On a sunny August Saturday in 2008, I had a chance to go rock climbing with my nephews Robert Parker and Matthew Laney. They both attended NCSU as engineering students. We went to Stone Mountain State Park in Wilkes County. I had rock climbed a half-dozen times before, but had not received any formal training.
There were many rock climbing moves that I had never tried, such as prussiking up and down a fixed rope using a smaller rope for a grip, ascending and descending with mechanical devices, changing protection off the ground while wholly dependent on one or the other to hold and friction climbing. Today Robert and Matthew taught me most of these new skills. I also got to belay right much more than I had before.
At one point I was climbing a vertical crack that was too narrow to fit in my boot toe, but too wide to get a positive grip with my hands. I was just barely hanging in there, about to fall, with not much more than tensed muscles and determination keeping me on the cliff. On several prior climbs, in similar situations, I had said “I can’t go any further” and fell back off the rock, protected from hitting the ground by the rope belay. Since each time I was top belayed, then my belayer lowered me safely to the ground.
But this time, I decided not to be a quitter. I have learned that I do not have to be the best at anything. But if I gut it out and try harder, I will be better than the average non-participant, or at least good enough to continue participating in the sport. The lesson is, don’t quit just because it is uncomfortable. As long as we show progress, our partners will probably keep inviting us to join them. I hung onto the flared crack, wavering left, right, up and down, trying to get my balance and a positive grip. I never got the positive grip. But I did get my balance. With a major grunt, I pushed my hands out in opposite directions on the rock and, using a move called “stemming,” made it up to the next positive foot hold. Great! Boy, this is fun!
Eventually, since Robert and Matthew are great rock climbers, and I am not, I got left on the ground to guard the gear while they ascended about twice as far as I had achieved.

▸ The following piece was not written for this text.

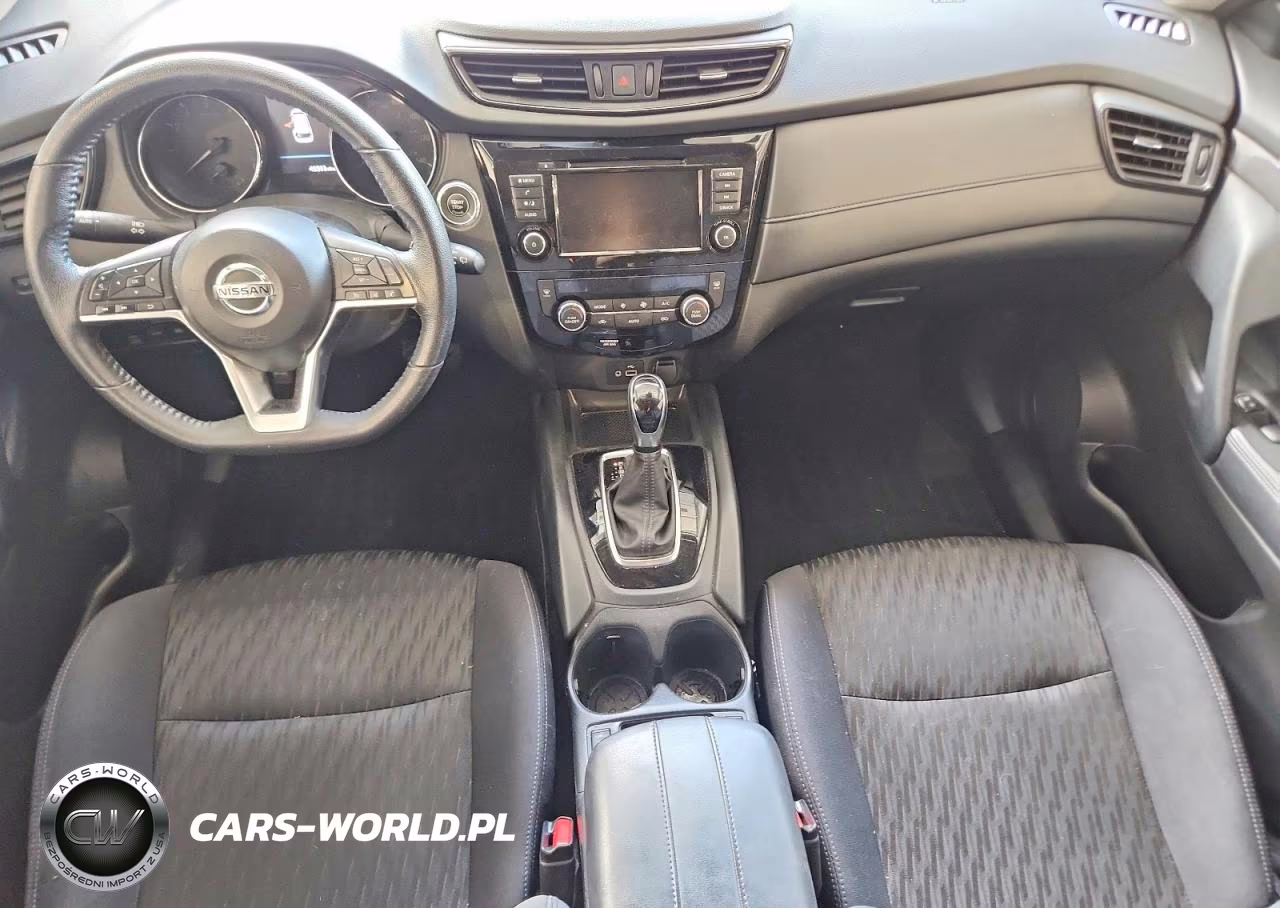 2020 Nissan Rogue Sv VIN:5N1AT2MV8LC795858 - 8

In the process, Robert passed the top roped anchor and did a “lead climb” the rest of the way. That is, he had no fixed rope above. He had to place protection, or little mechanical devices in rock cracks that probably will hold his weight if he falls. So far, I am still scared of lead climbing. I hope to learn this whole new set of skills in the future.
Later in the day, I was descending with a figure-8, and a prussik as a back-up. I got both devices straight while at the upper belay station, with each one attached to a separate locking carabiner on my harness. A few minutes later I had to turn my body over to get around Robert’s lead climb rope. That move twisted both my carabiners and caused the rope feeding through the figure-8 to slide across both locks. A few minutes later, half way down the cliff, I checked my protection. To my horror, both carabiner gates were unlocked and the figure-8 gate was being held open by the feeding rope. 75% of my protection had been disabled! I quickly got my balance and fixed the gates. I descended feeling much more humble. You cannot be too careful when rock climbing. Re-check every piece of gear, before every move.
At mid-afternoon we got chased off the mountain by a huge rain storm. As we crossed the field below the mountain, we looked back to see many little water falls geysering off the cliff where we had been climbing moments before.
Now I am getting antsy about what to do outdoors tomorrow. Mountain biking? Running? Tennis? Hiking? Is this a great country, or what?